From mboxrd@z Thu Jan  1 00:00:00 1970
Return-Path: <linux-kernel-owner@vger.kernel.org>
Received: (majordomo@vger.kernel.org) by vger.kernel.org via listexpand
	id S1753393AbcFFW1j (ORCPT <rfc822;w@1wt.eu>);
	Mon, 6 Jun 2016 18:27:39 -0400
Received: from mail-pf0-f169.google.com ([209.85.192.169]:34930 "EHLO
	mail-pf0-f169.google.com" rhost-flags-OK-OK-OK-OK) by vger.kernel.org
	with ESMTP id S1751874AbcFFW1i (ORCPT
	<rfc822;linux-kernel@vger.kernel.org>);
	Mon, 6 Jun 2016 18:27:38 -0400
Date: Mon, 6 Jun 2016 15:27:34 -0700 (PDT)
From: David Rientjes <rientjes@google.com>
X-X-Sender: rientjes@chino.kir.corp.google.com
To: Michal Hocko <mhocko@kernel.org>
cc: linux-mm@kvack.org, Tetsuo Handa <penguin-kernel@i-love.sakura.ne.jp>,
        Oleg Nesterov <oleg@redhat.com>,
        Vladimir Davydov <vdavydov@parallels.com>,
        Andrew Morton <akpm@linux-foundation.org>,
        LKML <linux-kernel@vger.kernel.org>, Michal Hocko <mhocko@suse.com>
Subject: Re: [PATCH 06/10] mm, oom: kill all tasks sharing the mm
In-Reply-To: <1464945404-30157-7-git-send-email-mhocko@kernel.org>
Message-ID: <alpine.DEB.2.10.1606061526440.18843@chino.kir.corp.google.com>
References: <1464945404-30157-1-git-send-email-mhocko@kernel.org> <1464945404-30157-7-git-send-email-mhocko@kernel.org>
User-Agent: Alpine 2.10 (DEB 1266 2009-07-14)
MIME-Version: 1.0
Content-Type: TEXT/PLAIN; charset=US-ASCII
Sender: linux-kernel-owner@vger.kernel.org
List-ID: <linux-kernel.vger.kernel.org>
X-Mailing-List: linux-kernel@vger.kernel.org

On Fri, 3 Jun 2016, Michal Hocko wrote:

> From: Michal Hocko <mhocko@suse.com>
> 
> Currently oom_kill_process skips both the oom reaper and SIG_KILL if a
> process sharing the same mm is unkillable via OOM_ADJUST_MIN. After "mm,
> oom_adj: make sure processes sharing mm have same view of oom_score_adj"
> all such processes are sharing the same value so we shouldn't see such a
> task at all (oom_badness would rule them out).
> 
> We can still encounter oom disabled vforked task which has to be killed
> as well if we want to have other tasks sharing the mm reapable
> because it can access the memory before doing exec.
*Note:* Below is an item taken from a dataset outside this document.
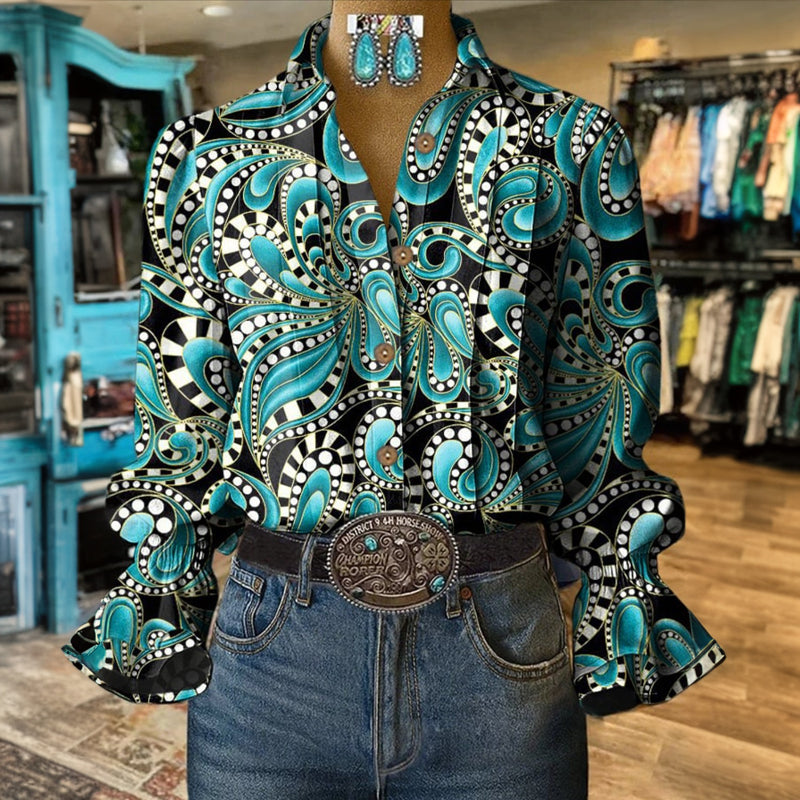 Vintage Blouse With Abstract Print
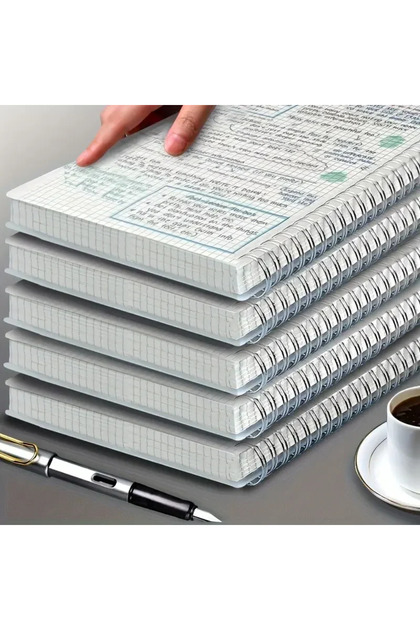 A5 A5 Grid Spiral Notebook with Elastic Band, 160 Pages Square Coil Sketch Book, Drawing Draft Agend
Killing such a task
> should be acceptable because it is highly unlikely it has done anything
> useful because it cannot modify any memory before it calls exec. An
> alternative would be to keep the task alive and skip the oom reaper and
> risk all the weird corner cases where the OOM killer cannot make forward
> progress because the oom victim hung somewhere on the way to exit.
> 
> There is a potential race where we kill the oom disabled task which is
> highly unlikely but possible. It would happen if __set_oom_adj raced
> with select_bad_process and then it is OK to consider the old value or
> with fork when it should be acceptable as well.
> Let's add a little note to the log so that people would tell us that
> this really happens in the real life and it matters.
> 

We cannot kill oom disabled processes at all, little race or otherwise.  
We'd rather panic the system than oom kill these processes, and that's the 
semantic that the user is basing their decision on.  We cannot suddenly 
start allowing them to be SIGKILL'd.